Figure: Hexagonal Topology with memory along the bottom.

Figure: Routing around a missing block of processors.

Additionally, the tool allows for extension of the placement objective. For example, the figure below shows two different placement strategies for the older AsAP 2 architecture, one where the total number of hops is minimized (left) and one where the maximum hop length is minimized (right). Though the placement on the left has fewer total hops, the one on the right is faster because the maximum hop between two communicating processors is 2 (AsAP 2 had a quirk where link frequency decreased with hop count). The tool could support all kinds of flexible tweaks like this. Plus, it was very fast.

Figure: Tailoring placement objective to minimize the maximum link length. Left: 237 hops with a maximum length of 3. Right: 262 hops with a maximum length of 2.

DE10-Lite HDL

DE10-Lite - Github

Dates: A few days here and there during August and September 2018.

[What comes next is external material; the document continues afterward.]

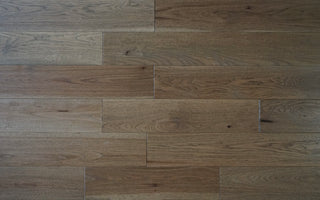 DESERT SAND 6" x 3/4" HICKORY ENGINEERED HARDWOOD (20.34)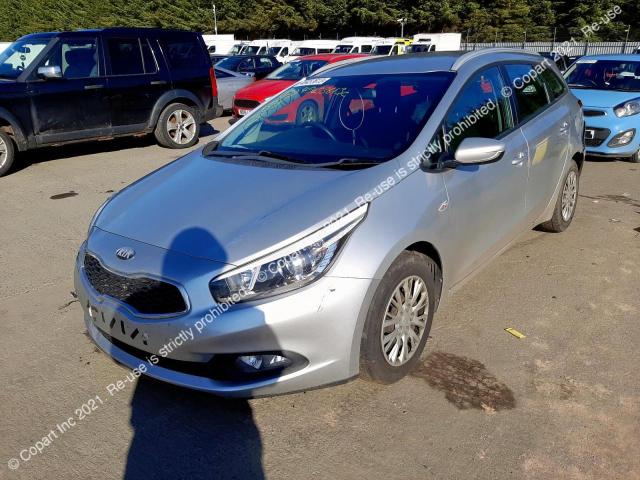 Aukcja sprzedaży 2013 Kia Ceed, vin: U5YHM815LDL049389, numer aukcji: 45453613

Description: I worked as a teaching assistant (TA) for the UC Davis “intro to Verilog-based digital design” class for many quarters (like 5 or 6? I don’t remember). Over time, I was tasked with creating the lab exercises the students did every week. Now, this class used the DE10 Lite from Terasic with an Intel Max 10 FPGA and includes all these fun peripherals like SDRAM, an accelerometer, VGA port etc. However, we basically never used them in the class because:

None of the TAs had bothered getting them to work and the reference code was scary to say the least.
This was an intro class so we could only get so complicated with the labs we created.

To that end, I spent some time getting all the peripherals working with (hopefully) clean, simple interfaces that students could actually use and (again hopefully) clear enough Verilog to serve as an example for student’s designs. Features of this library include:

Exposing the SDRAM to students’ designs.
Simple interface for the accelerometer.
Simple interface for the VGA port.
Data transfer from host computer to the FPGA over the USB programming cable.

Nothing too fancy, but I did get it to the point where I could transfer a “gif” from my computer to the FPGA and have it be displayed on a screen through the board’s VGA cable, so that was fun. I hope future TAs of the class found it useful.